How Hacker Democracy Works in India - aravindc
http://hackerstreet.in/item?id=13431
http://imgur.com/HRuWz
======
aravindc
Check this: <http://hackerstreet.in/item?id=13431> And today,
<http://imgur.com/HRuWz>

If you didn't know HackerStreet India is HackerNews wannabe for India.

The issue is on HackerStreet India, I have been now and then raising my voice
against arbitrary down votes for disagreement, editing of submission titles by
editors <http://hackerstreet.in/item?id=13218> and communication by some
members via backchannels on what I should post or not to post (since I have
good Karma)

Today I received a threat email from one of the moderators asking me plainly
to keep quiet because they were running it much before I was a member and that
they will "hell" ban me if I continue such "violations" and challenging me to
start a new community like HackerStreet. This is after I posted an Ask
question on How to fight spam which the moderator said was off-topic and I
countered him as you will see in the disccusion.

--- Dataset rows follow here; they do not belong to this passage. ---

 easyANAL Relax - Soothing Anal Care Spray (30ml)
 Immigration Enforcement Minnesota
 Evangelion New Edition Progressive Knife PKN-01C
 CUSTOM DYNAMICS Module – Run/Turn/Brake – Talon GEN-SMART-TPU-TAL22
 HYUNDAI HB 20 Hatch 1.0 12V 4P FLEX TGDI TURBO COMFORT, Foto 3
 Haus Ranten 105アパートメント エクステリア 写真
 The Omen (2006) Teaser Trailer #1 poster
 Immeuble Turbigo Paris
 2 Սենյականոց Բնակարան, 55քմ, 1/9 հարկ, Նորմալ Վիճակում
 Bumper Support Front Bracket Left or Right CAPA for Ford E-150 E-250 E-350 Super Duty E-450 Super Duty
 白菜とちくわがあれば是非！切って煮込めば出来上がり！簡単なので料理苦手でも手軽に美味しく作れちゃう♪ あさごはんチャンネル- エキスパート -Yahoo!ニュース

I really wanted to show you guys in America and rest of the World how
democracy in India works with this example. When you go to vote, you will be
told by Thugs whom to vote. If you raise a voice against the mafia with deep
political connections, you will be threatened at your door for your life. And
if you don't play along with seniors, powerfuls and others, whatever your
business may be, you will be outcast and made to repent!